É atirar do helicóptero policial sobre as favelas cariocas. É permitir que jovens negros sejam pisoteados em Paraisópolis. É fazer com que pobres pereçam em longas filas à espera da renda básica que se dependesse do governo nem existiria. Mortos em vida.

É postar foto de atiradores gritando “Bolsonaro!” enfileirados contra um inimigo comum: todos nós. É facilitar que o crime organizado tenha acesso a munições e armamentos extraviados das Forças Policiais.

Deus do bolsonarismo é a morte.

É por isso que bolsonarismo repudia direitos humanos. Porque lembra a eles o valor da vida. “A expressão máxima de soberania reside, em larga medida, no poder e na capacidade de ditar quem pode e quem não pode viver”, escreveu certa feita Achille Mbembe ao definir necropolítica. Bolsonarismo joga fora, junto com seu gozo necrófilo, as possibilidades de vivência democrática. Assassina a própria possibilidade da vida.

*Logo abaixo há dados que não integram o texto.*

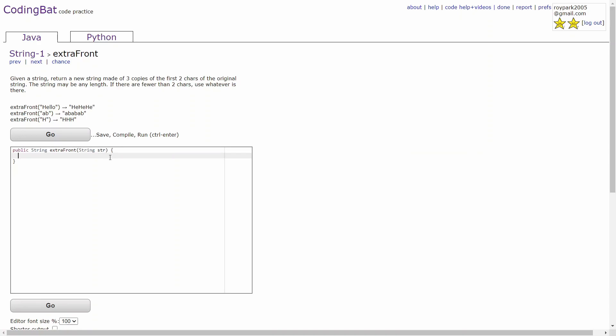Hello guys, this is a coding tutorial video for the extra front in the string 1 section.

Diante do horror, vai passar nessa avenida Brasil uma marcha fúnebre. Passará repleta de arrependidos insinceros. Passará o Exército que celebra o golpe de 1964, e se cala sobre o outro golpe que o presidente engendra entre uma tosse e outra no Dia do Exército.

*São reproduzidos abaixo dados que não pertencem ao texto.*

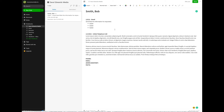If Bob becomes a regular client and we have ongoing conversations and meetings, I might want to create a separate notebook for Bob, which I can then put in a stack called Dave Edwards Media. But for now we're having just a quick conversation — the conversation Bob and I have may last a week or a month — so the single note method works very well for me in Evernote.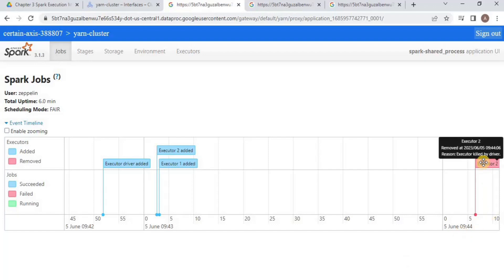So this is how you can use the Zeppelin notebook inside the cluster to execute PySpark. That is all for this video. Thank you.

Passarão os falsos profetas que arrogam ao presidente a imagem de messias. Passarão o Congresso Nacional e Rodrigo Maia inundados sob notas de repúdio inúteis. Nem salvarão a República nem expiarão a culpa que lhes cabe neste necrotério, por ter contribuído para que o abjeto se sentasse à cadeira presidencial.

Bolsonarismo se alimenta da carnificina do conflito político. Emprega na prática a lógica de Carl Schmitt segundo o qual a política se definiria pela diferenciação entre amigo e inimigo. Deu no que deu e no que continua dando.

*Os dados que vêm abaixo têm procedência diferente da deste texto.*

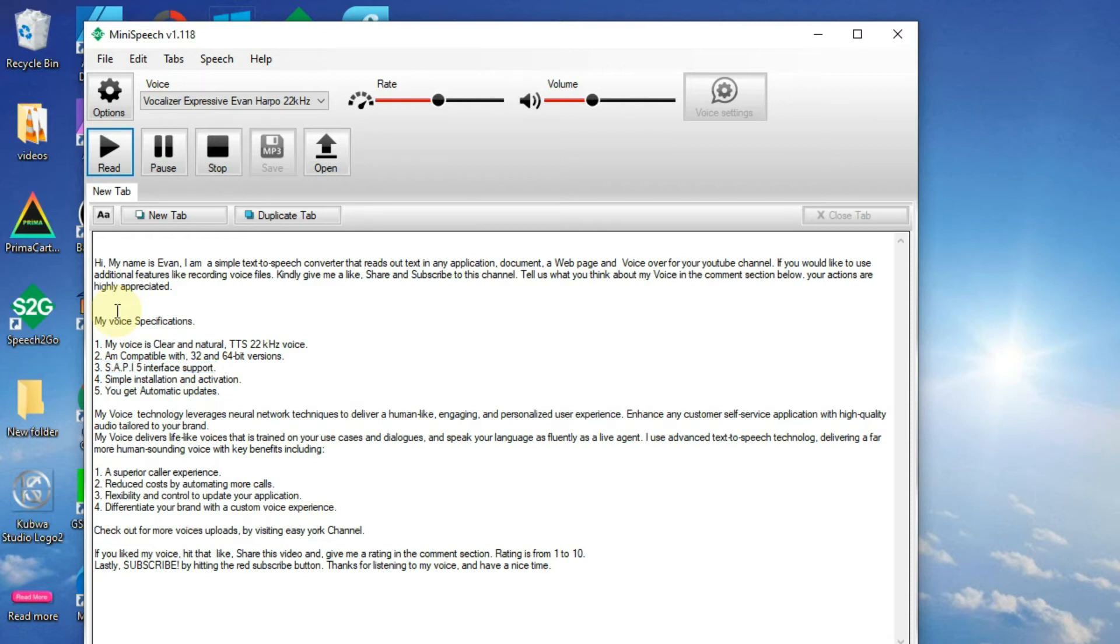4. Simple installation and activation. 5. You get automatic updates.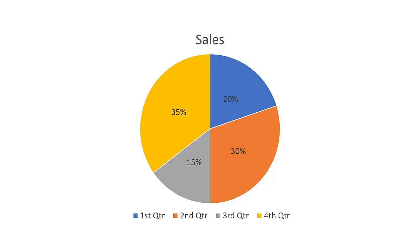Now, the thing about pie graphs is that they are actually pretty bad at doing what they're trying to do. Take a look at this graph, for instance. As you can see, there are four different slices, but it's a little difficult to see the subtle differences between them.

Se as forças políticas, à direita e à esquerda, não formularem caminhos que nos façam sair desta encruzilhada, o que nos resta é a morte de milhares pela pandemia, a viral e a política. Cabe àqueles que se chamam de políticos protegerem o que resta de nossa pólis sem a qual o próprio exercício da política democrática se torna impossível.

Às ditas instituições, cabe a guarda da vida democrática. Seja a vida literal, estraçalhada pelas balas vindas de helicópteros policiais. Cabe ao STF por fim a esta prática genocida ao concluir o julgamento da ADPF Favelas pela Vida, em pauta na corte. Seja a vida política, sufocada pelas mãos do bolsonarismo que prega abertamente a morte. Cabe ao Congresso julgar, dentro da lei, as dezenas de crimes de responsabilidade do presidente.

É hora da democracia proteger a si mesma de sua morte anunciada. Anunciada desde o primeiro dia em que alguém gritou “intervenção militar” e outro o aplaudiu. Anunciada, mas não inevitável.